**TASK:** Your task is to restate word for word the lines in the material below, from the one with "Wedding Puptials - 6" up to and including the one with "Nike Dunk Low". Do not carry over the pictures.

**SOURCE DATA:**
◇ ◇ ◇ ◇ ◇

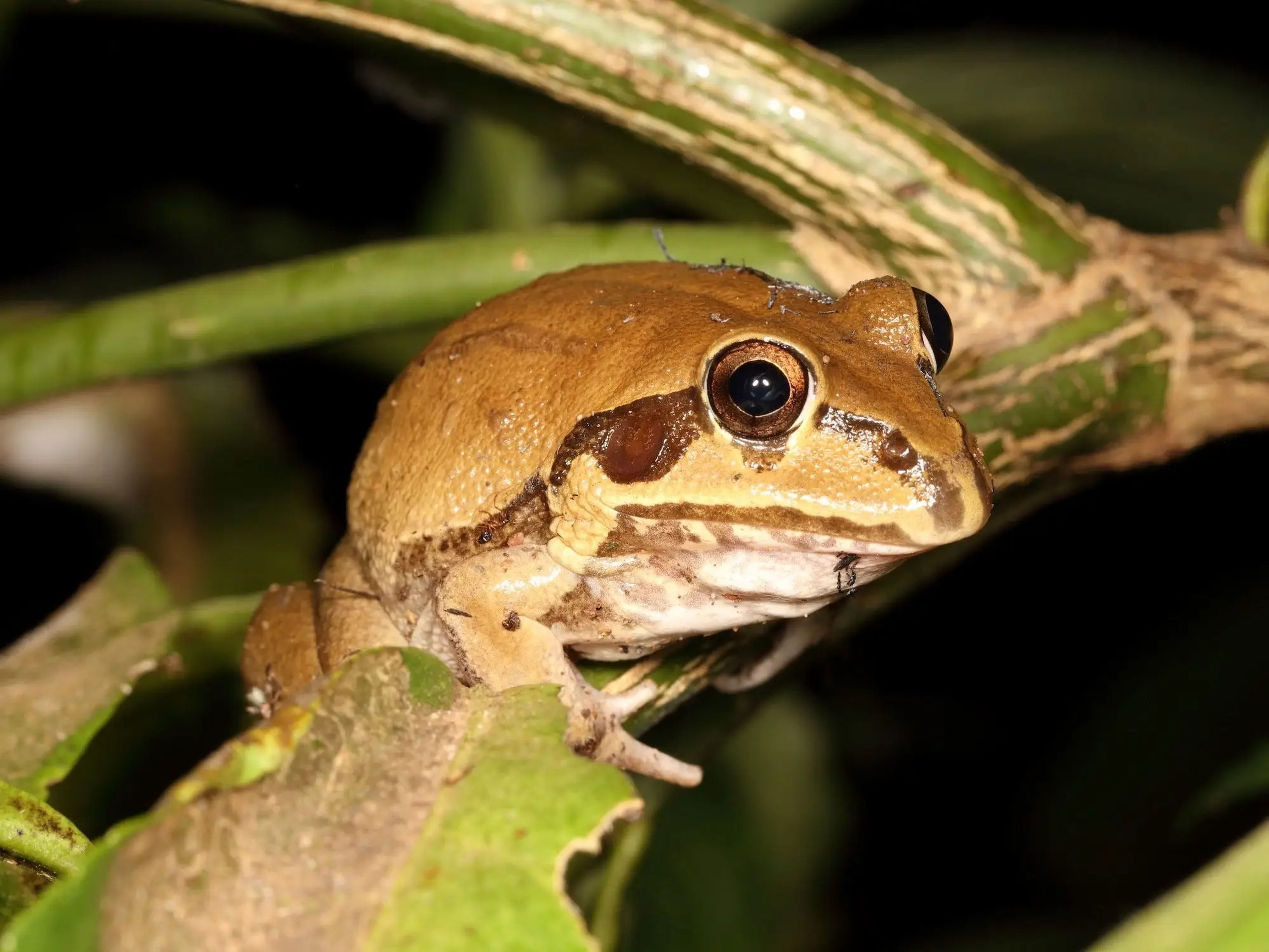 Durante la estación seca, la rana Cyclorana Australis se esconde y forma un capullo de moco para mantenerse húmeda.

◇ ◇ ◇ ◇ ◇

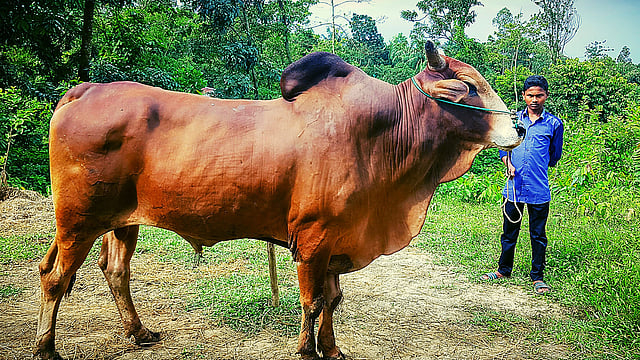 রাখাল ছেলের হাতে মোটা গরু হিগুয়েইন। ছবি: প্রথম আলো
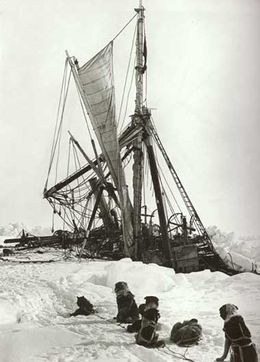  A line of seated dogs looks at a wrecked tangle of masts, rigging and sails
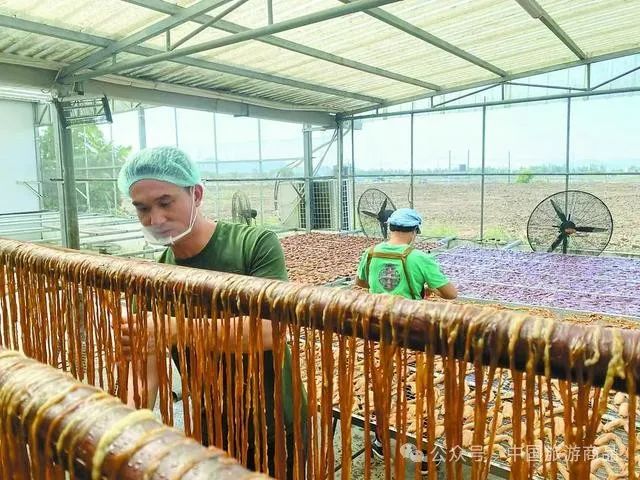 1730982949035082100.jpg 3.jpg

◇ ◇ ◇ ◇ ◇

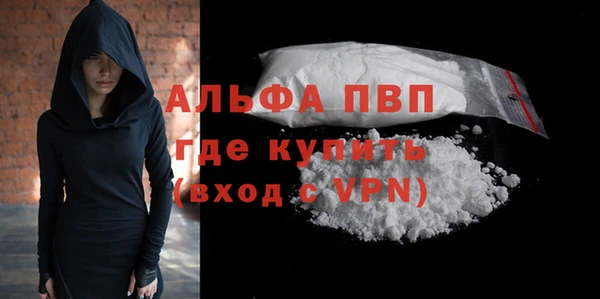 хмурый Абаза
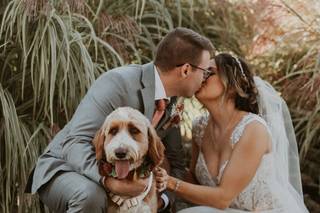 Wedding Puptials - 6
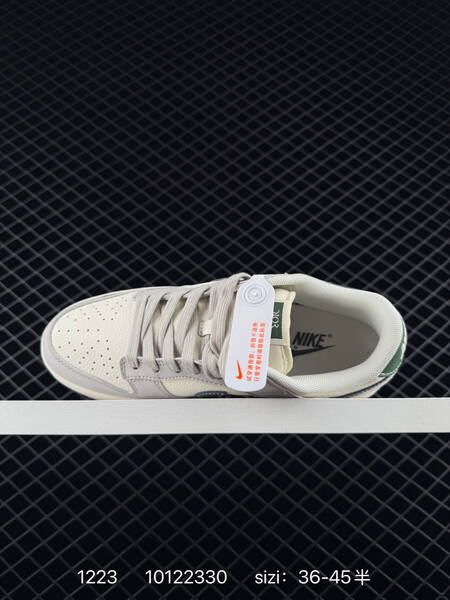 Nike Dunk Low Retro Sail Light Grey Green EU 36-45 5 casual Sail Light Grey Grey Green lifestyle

◇ ◇ ◇ ◇ ◇

**EXERCISE RESULT:**
 Wedding Puptials - 6
 Nike Dunk Low Retro Sail Light Grey Green EU 36-45 5 casual Sail Light Grey Grey Green lifestyle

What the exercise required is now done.